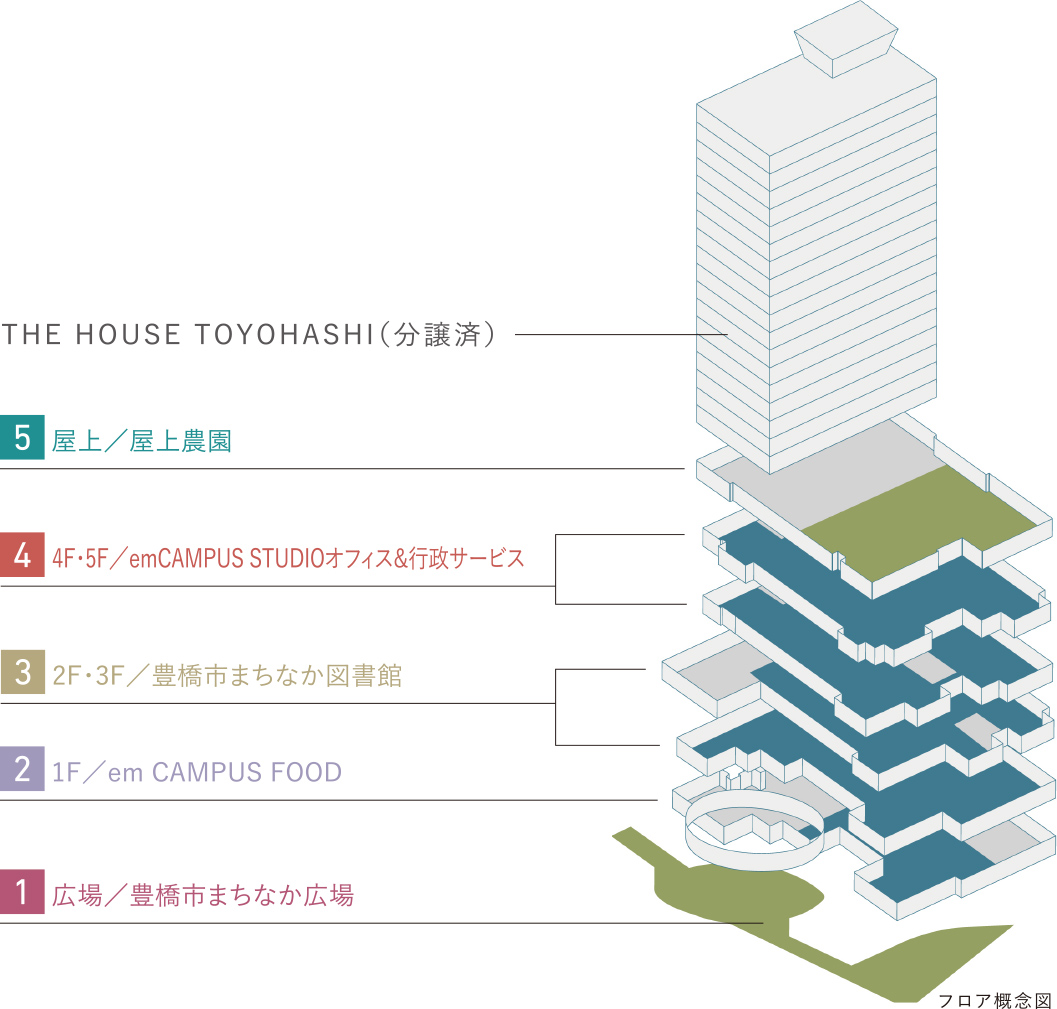 フロア概念図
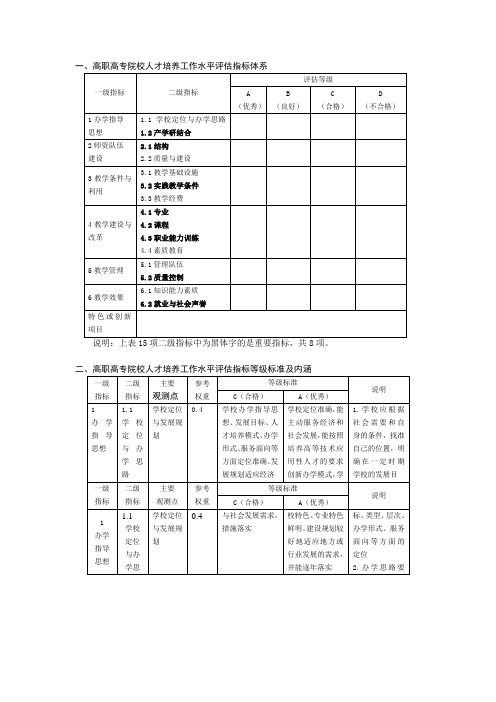 一、高职高专院校人才培养工作水平评估指标体系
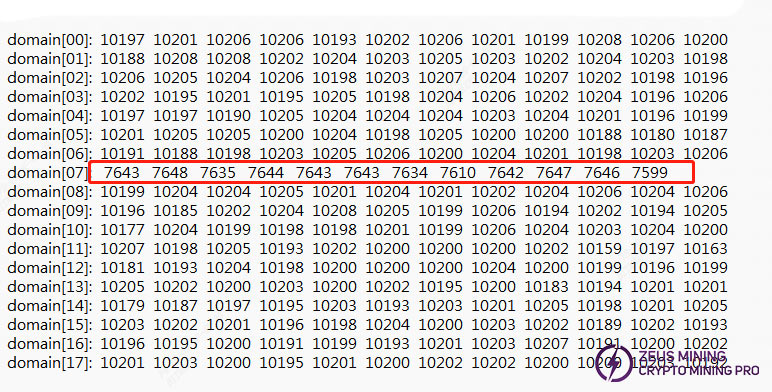 S21 hydro hash board Pattern NG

(Requirement): Reproduce nothing but the lines from the line containing "一、高职高专院校人才培养工作水平评估指标体系" through the last line of the data above, exactly as written and without pictures.

(Answer):
 一、高职高专院校人才培养工作水平评估指标体系
 S21 hydro hash board Pattern NG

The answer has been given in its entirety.